» Problem to solve: Lines before the one containing "谜底提花牛仔阔腿裤女2023" are not wanted; restate the rest below word for word, through the last line, but drop any pictures.

» Dataset records:
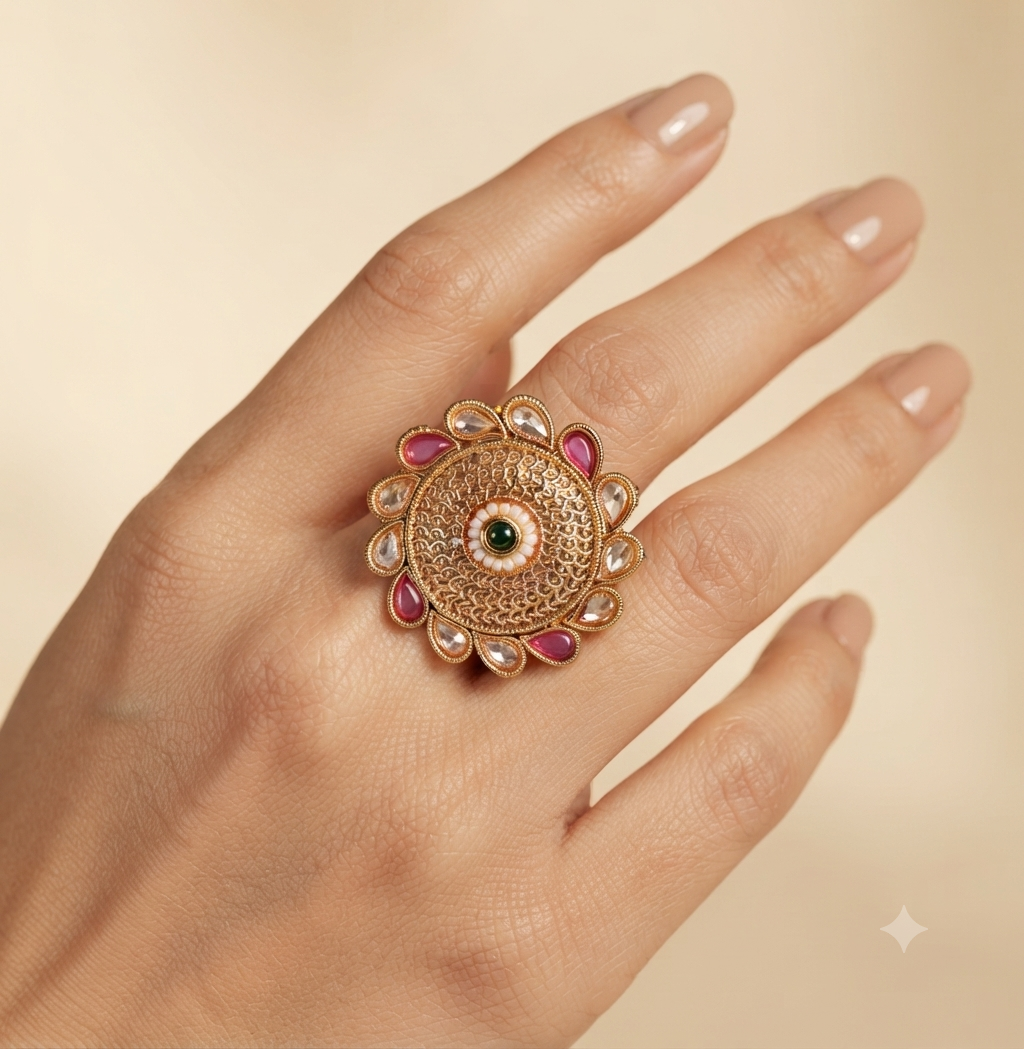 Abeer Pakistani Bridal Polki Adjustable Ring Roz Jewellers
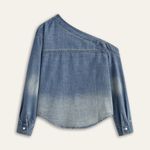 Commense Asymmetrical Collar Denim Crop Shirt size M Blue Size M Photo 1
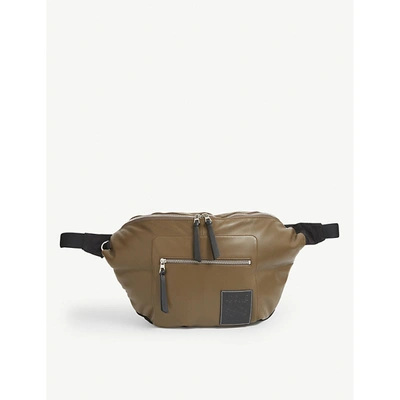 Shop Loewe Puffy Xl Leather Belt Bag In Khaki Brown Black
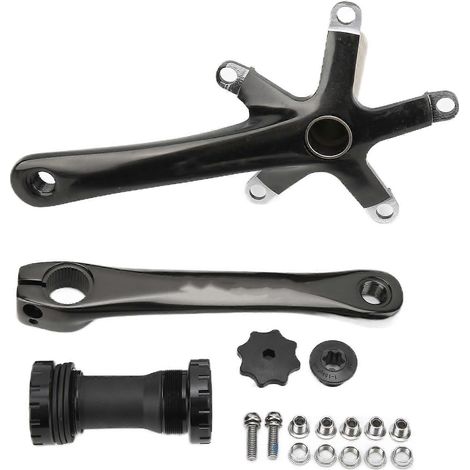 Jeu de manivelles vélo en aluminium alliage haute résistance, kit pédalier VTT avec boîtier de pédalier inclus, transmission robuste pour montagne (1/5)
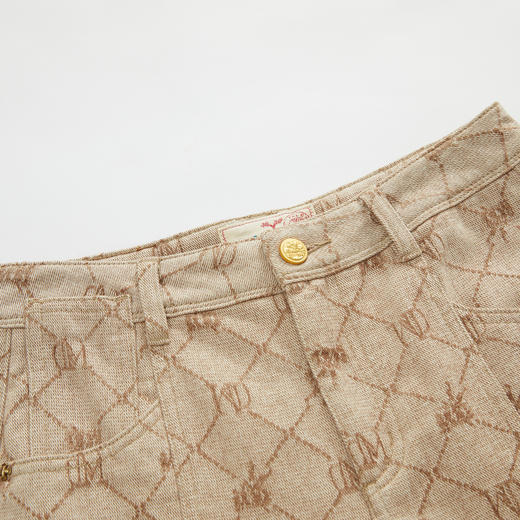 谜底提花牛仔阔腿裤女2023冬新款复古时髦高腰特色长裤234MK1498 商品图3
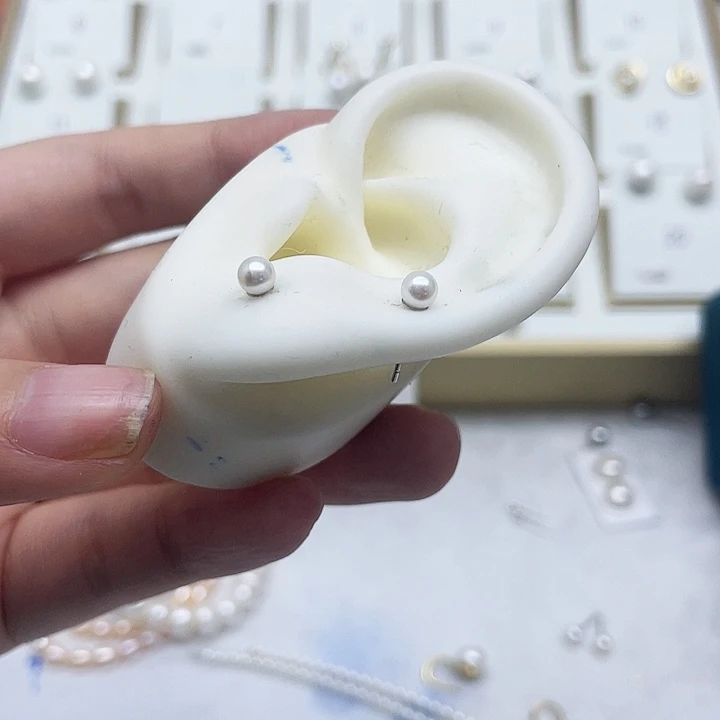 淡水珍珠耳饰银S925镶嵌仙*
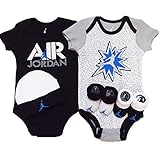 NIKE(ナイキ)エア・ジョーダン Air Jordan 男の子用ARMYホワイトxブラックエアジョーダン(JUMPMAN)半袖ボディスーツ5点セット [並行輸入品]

» Response box:
 谜底提花牛仔阔腿裤女2023冬新款复古时髦高腰特色长裤234MK1498 商品图3
 淡水珍珠耳饰银S925镶嵌仙*
 NIKE(ナイキ)エア・ジョーダン Air Jordan 男の子用ARMYホワイトxブラックエアジョーダン(JUMPMAN)半袖ボディスーツ5点セット [並行輸入品]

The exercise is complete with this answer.